── Information ──
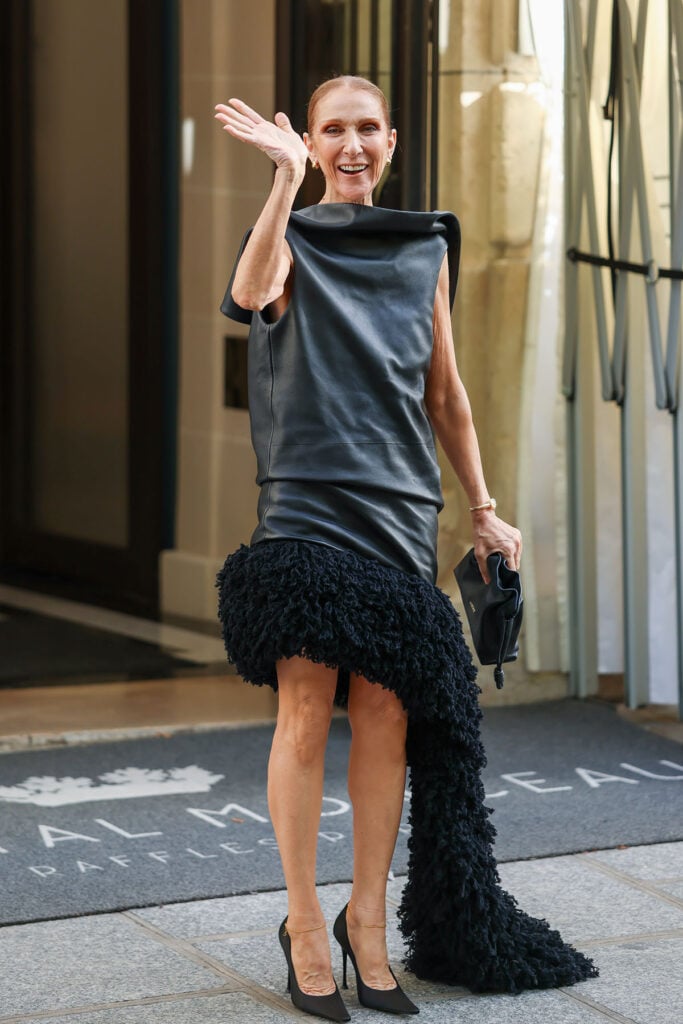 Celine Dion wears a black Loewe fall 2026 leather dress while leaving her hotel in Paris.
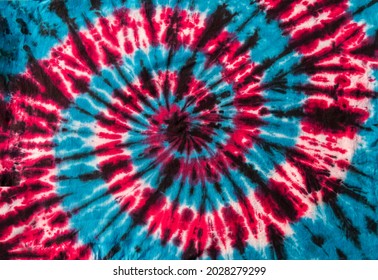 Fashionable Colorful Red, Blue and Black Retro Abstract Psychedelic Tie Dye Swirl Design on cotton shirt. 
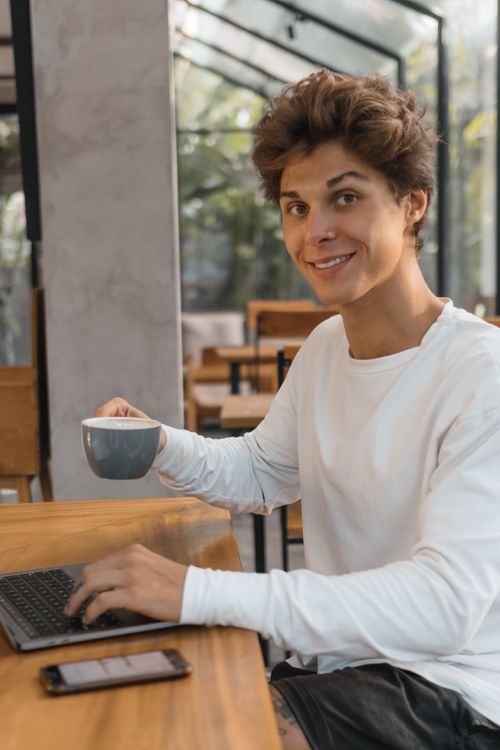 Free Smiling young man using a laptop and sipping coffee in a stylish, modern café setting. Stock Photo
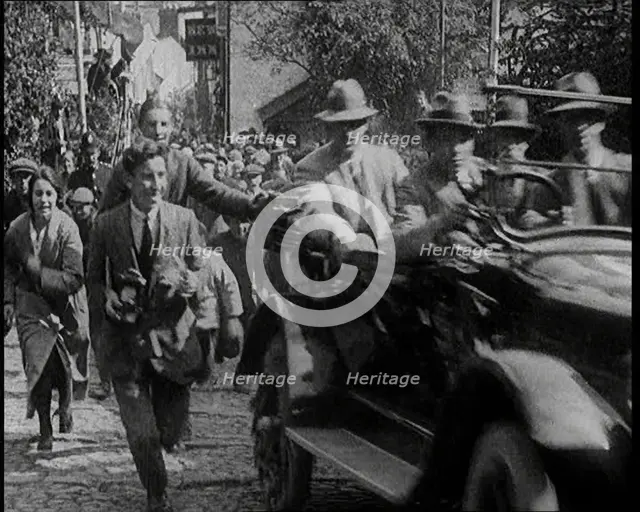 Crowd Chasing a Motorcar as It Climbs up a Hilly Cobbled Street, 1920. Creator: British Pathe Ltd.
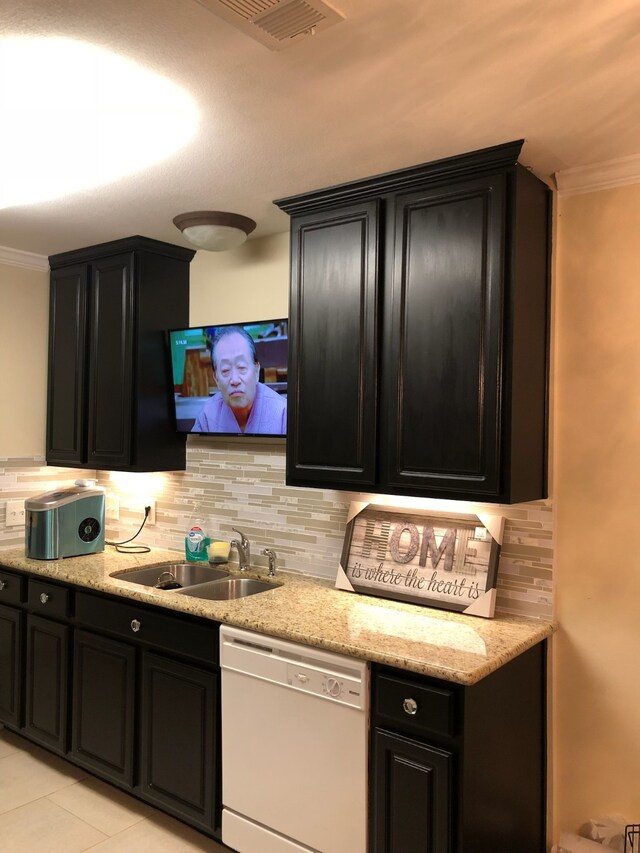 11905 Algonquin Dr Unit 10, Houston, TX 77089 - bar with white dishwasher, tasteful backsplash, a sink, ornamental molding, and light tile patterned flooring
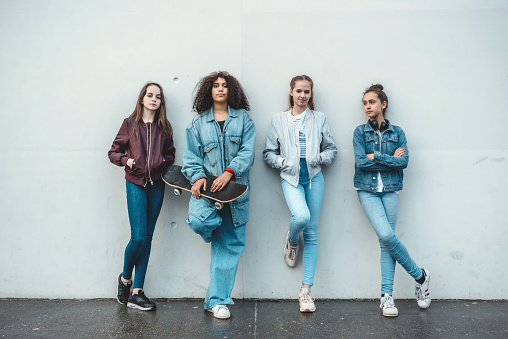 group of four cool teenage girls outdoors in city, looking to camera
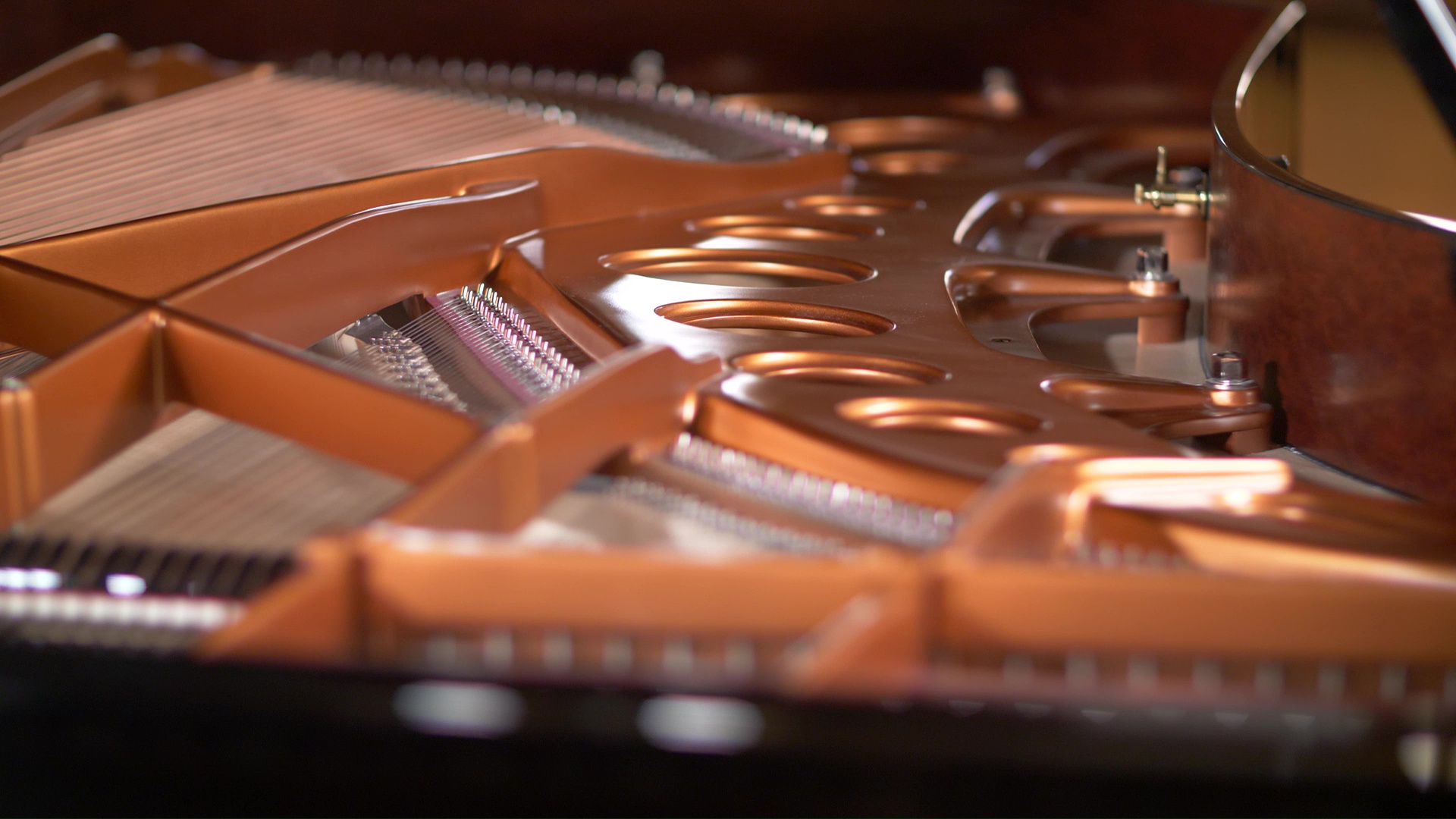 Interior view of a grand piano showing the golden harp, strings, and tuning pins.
───
── Information ──
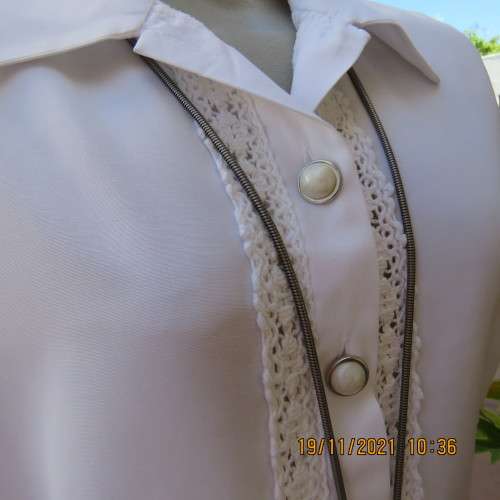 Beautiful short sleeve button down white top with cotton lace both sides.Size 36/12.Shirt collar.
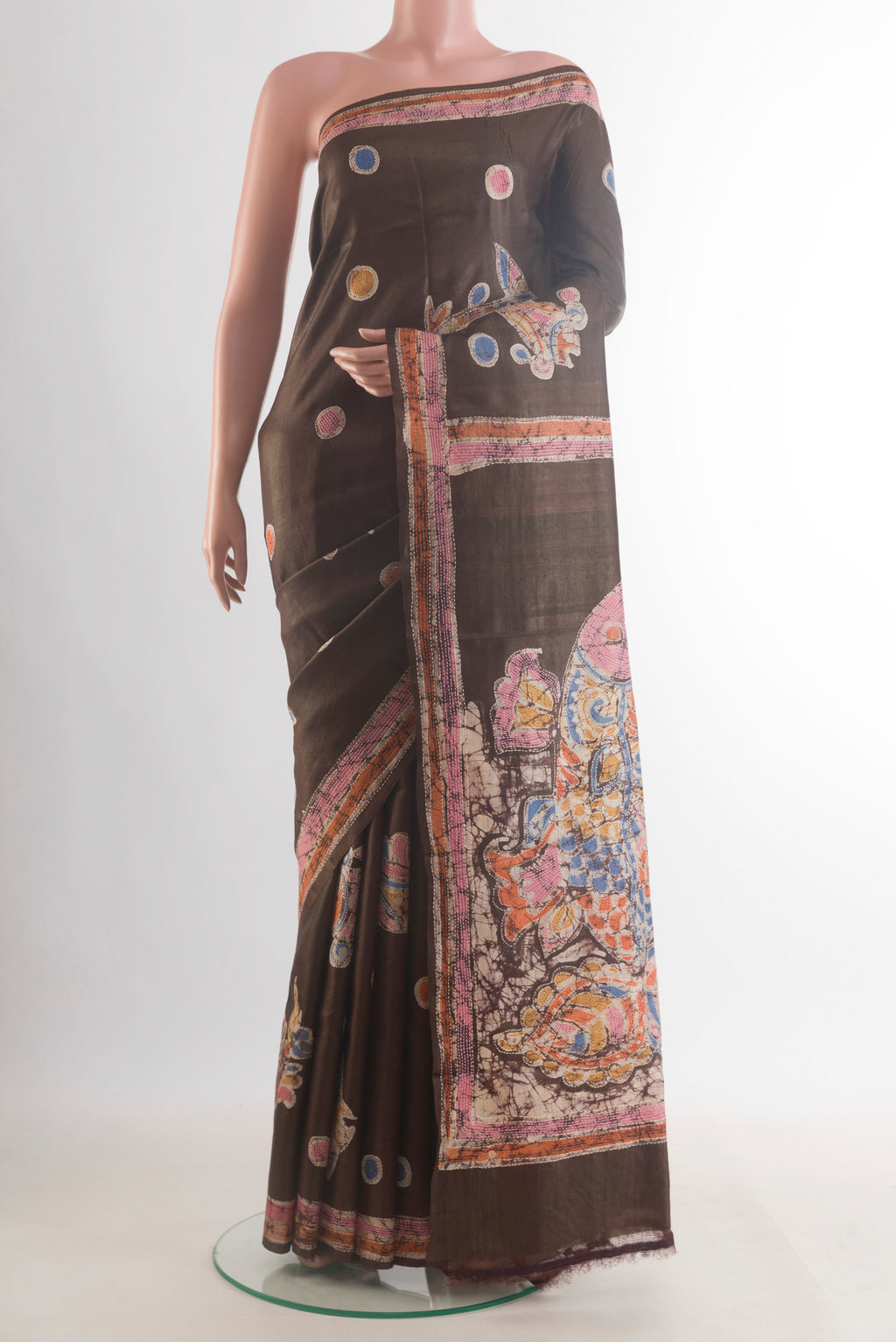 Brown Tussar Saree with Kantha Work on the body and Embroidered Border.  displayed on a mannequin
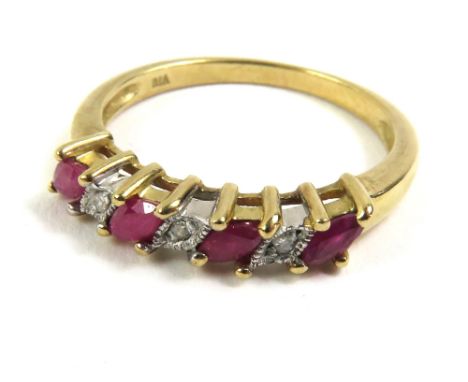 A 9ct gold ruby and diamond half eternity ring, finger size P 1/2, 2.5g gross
───
What you have to do → If a picture sits between the line containing "Beautiful short sleeve" and the line containing "A 9ct gold ruby", leave it out, and return the lines of that range above exactly, both ends included.

Task response →
 Beautiful short sleeve button down white top with cotton lace both sides.Size 36/12.Shirt collar.
 Brown Tussar Saree with Kantha Work on the body and Embroidered Border.  displayed on a mannequin
 A 9ct gold ruby and diamond half eternity ring, finger size P 1/2, 2.5g gross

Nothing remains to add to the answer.